WHAT IS NEEDED:
Nothing in the records below should be altered in the copy, although the pictures must be left out.

TASK DATA:

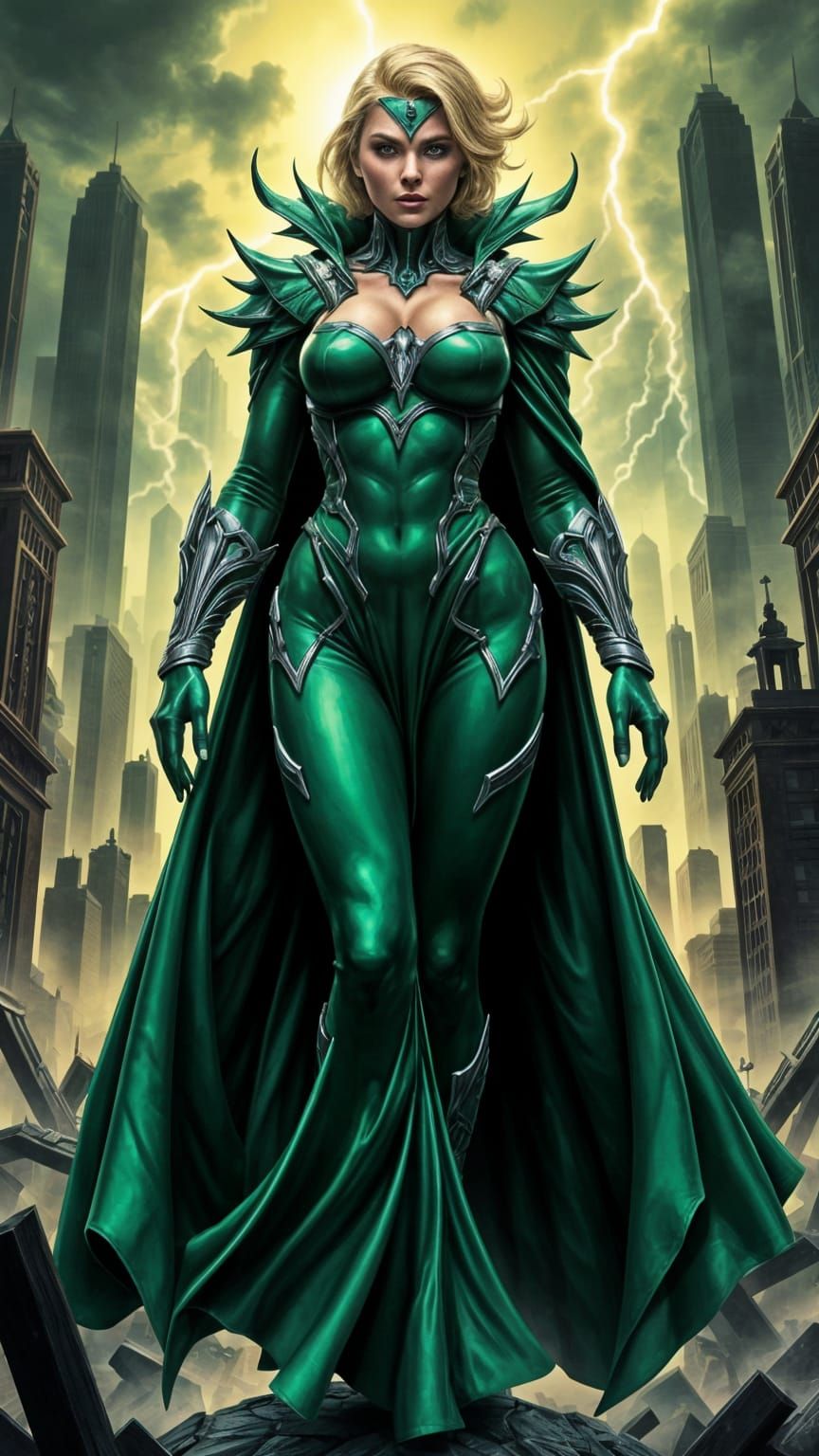 Regal Baroness von DOOM in Emerald Green Gown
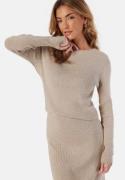 VILA Vicomfy O-neck L/S KNIT TOP  Natural Melange XS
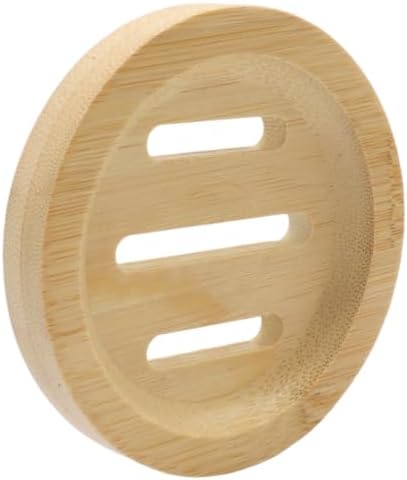 2 Pack Round Bamboo Wooden Soap Dishes, Shampoo Bar Holder with Self Draining Tray, Travel Soap Saver Case for Bathroom Kitchen Sink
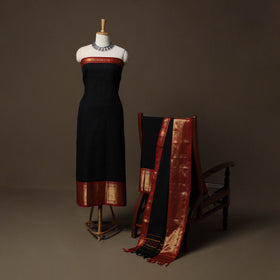 Dharwad Cotton 3pc Unstitched Dress Material Suit Set with Woven Border 29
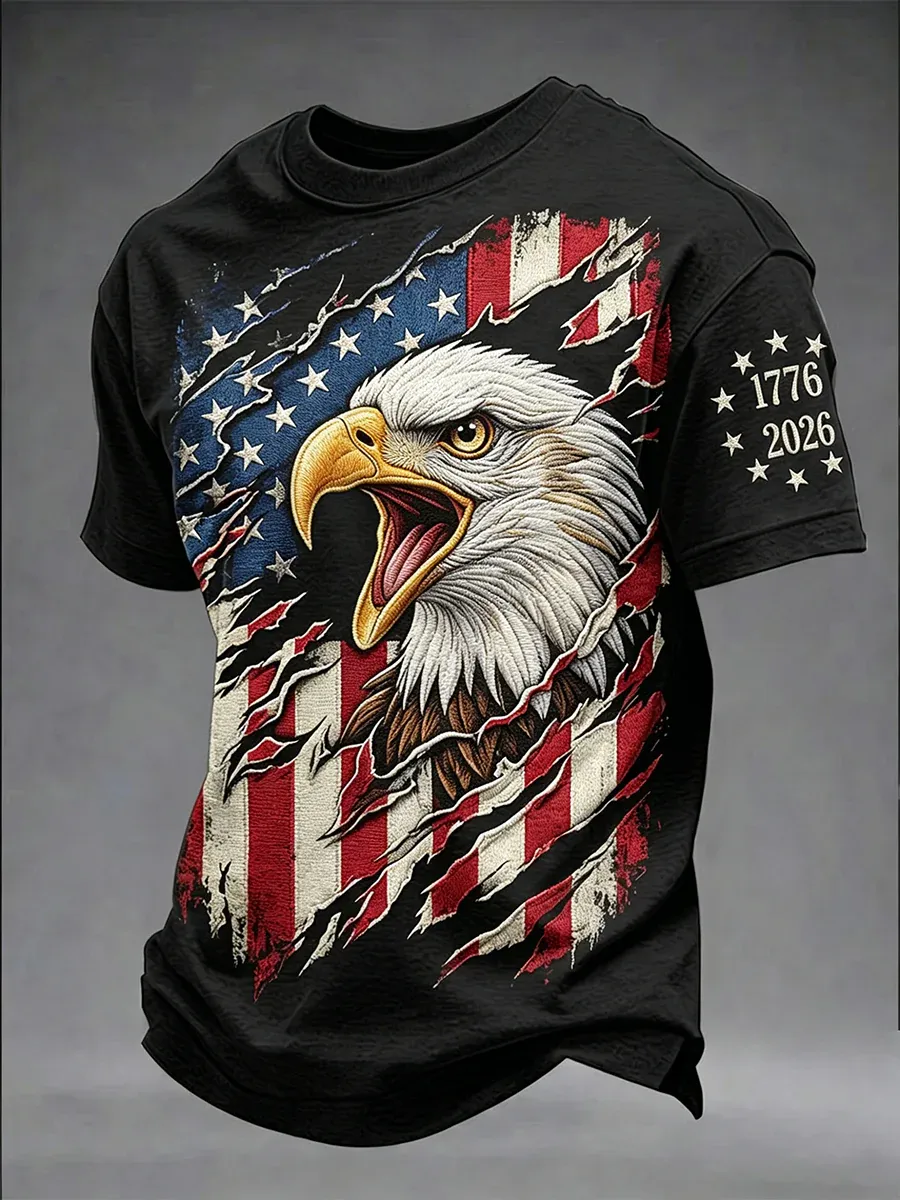 Men's Retro Independence Day Eagle Pattern Casual Short Sleeve T-shirt-America250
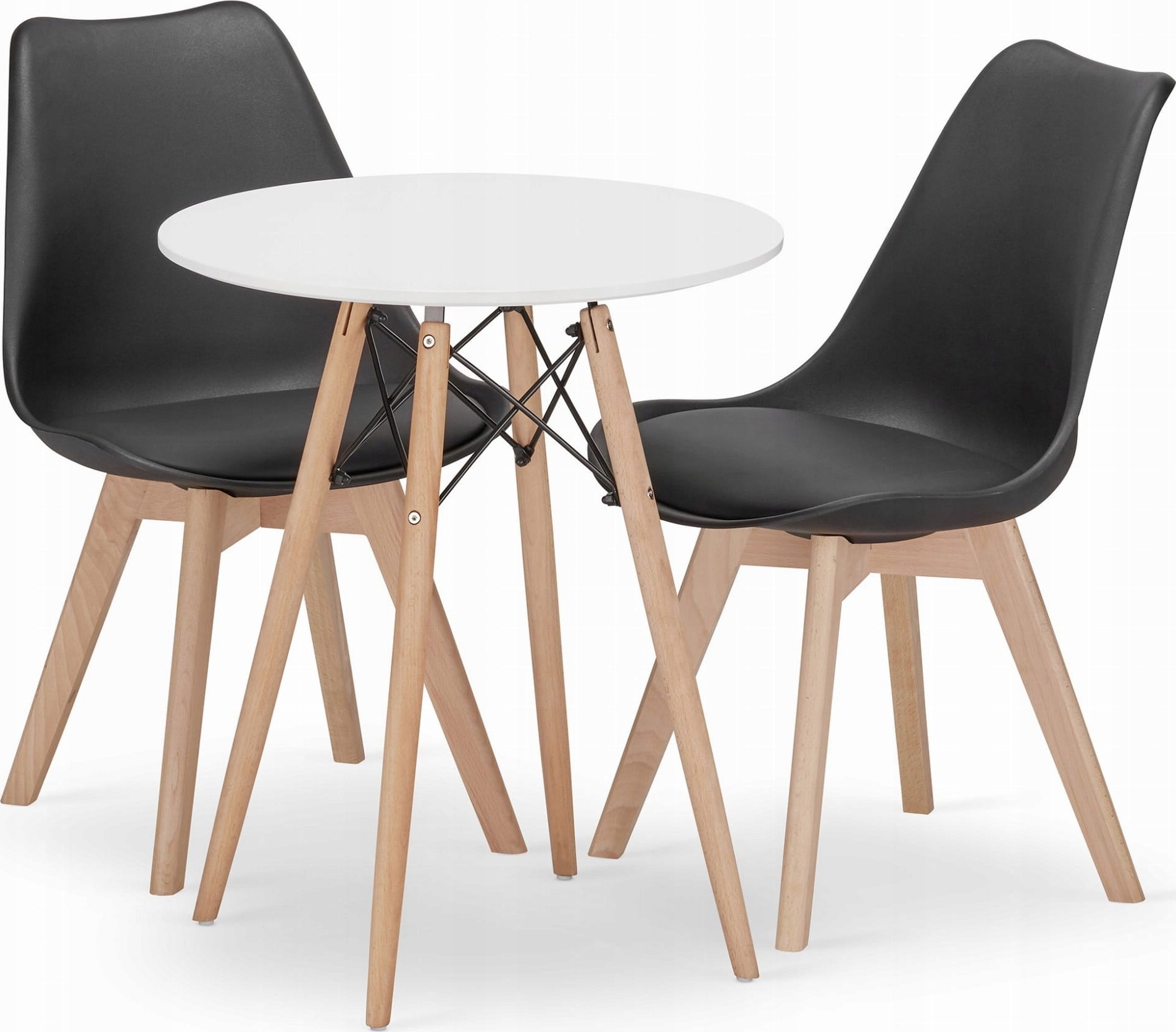Leobert Zestaw stół okrągły TODI 60cm biały + 2 krzesła MARK czarne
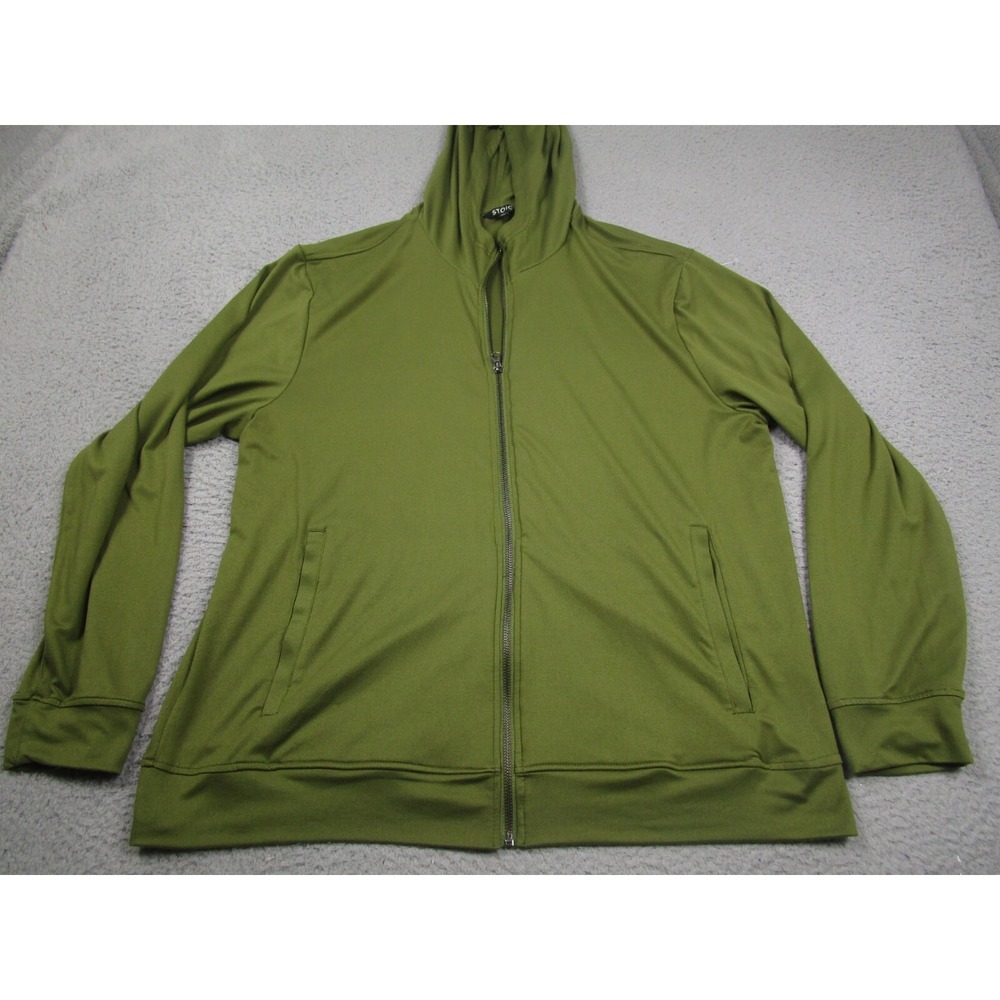 Stoic Jacket Mens Large Green Full Zip Pockets Hooded Activewear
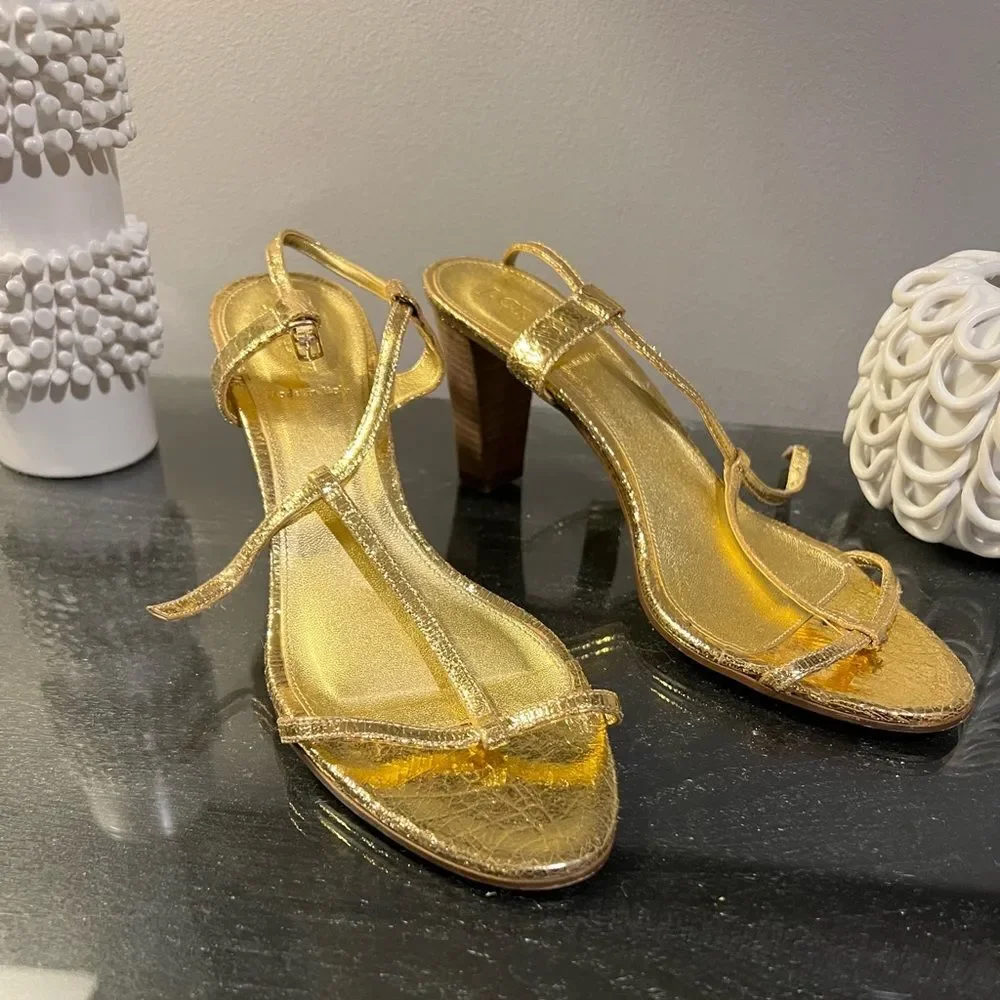 J Crew Gold Carina T-Strap Heels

YOUR RESPONSE:
 Regal Baroness von DOOM in Emerald Green Gown
 VILA Vicomfy O-neck L/S KNIT TOP  Natural Melange XS
 2 Pack Round Bamboo Wooden Soap Dishes, Shampoo Bar Holder with Self Draining Tray, Travel Soap Saver Case for Bathroom Kitchen Sink
 Dharwad Cotton 3pc Unstitched Dress Material Suit Set with Woven Border 29
 Men's Retro Independence Day Eagle Pattern Casual Short Sleeve T-shirt-America250
Leobert Zestaw stół okrągły TODI 60cm biały + 2 krzesła MARK czarne
 Stoic Jacket Mens Large Green Full Zip Pockets Hooded Activewear
 J Crew Gold Carina T-Strap Heels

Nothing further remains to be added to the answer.